- **GIVEN INFORMATION**:
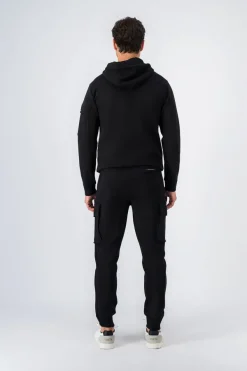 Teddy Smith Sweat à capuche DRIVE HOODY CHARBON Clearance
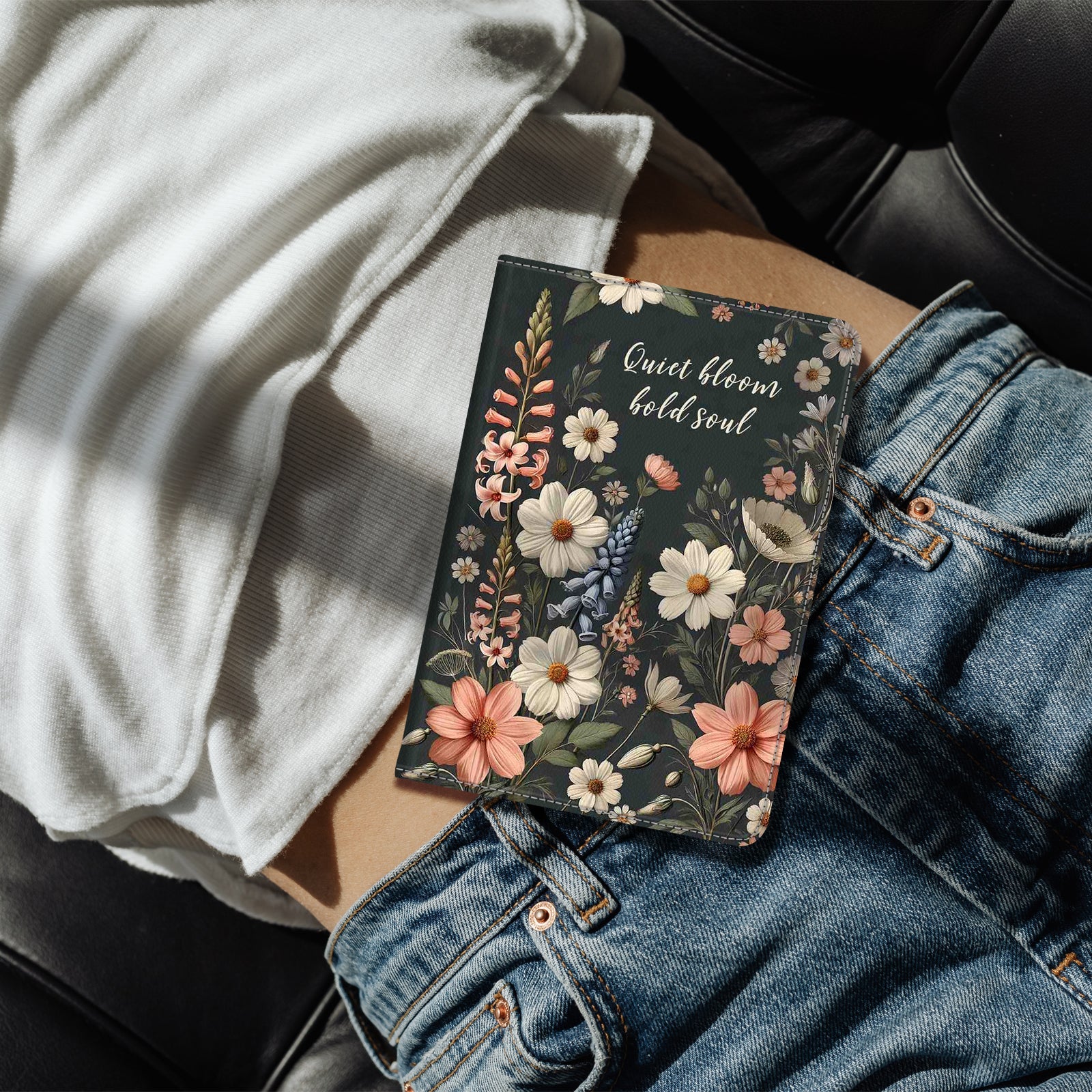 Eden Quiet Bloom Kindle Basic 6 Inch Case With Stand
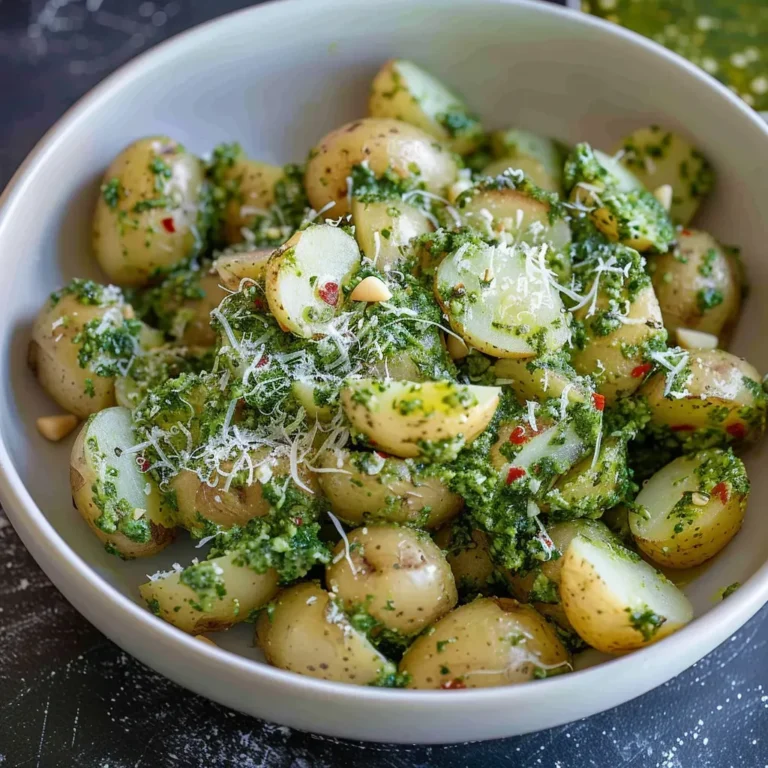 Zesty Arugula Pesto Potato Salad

- **TASK PROMPT**: The lines from the one containing "Eden Quiet Bloom" through the last line of the data above are to be transcribed exactly, both included, with all pictures left out.

- **TASK SOLUTION**:
 Eden Quiet Bloom Kindle Basic 6 Inch Case With Stand
 Zesty Arugula Pesto Potato Salad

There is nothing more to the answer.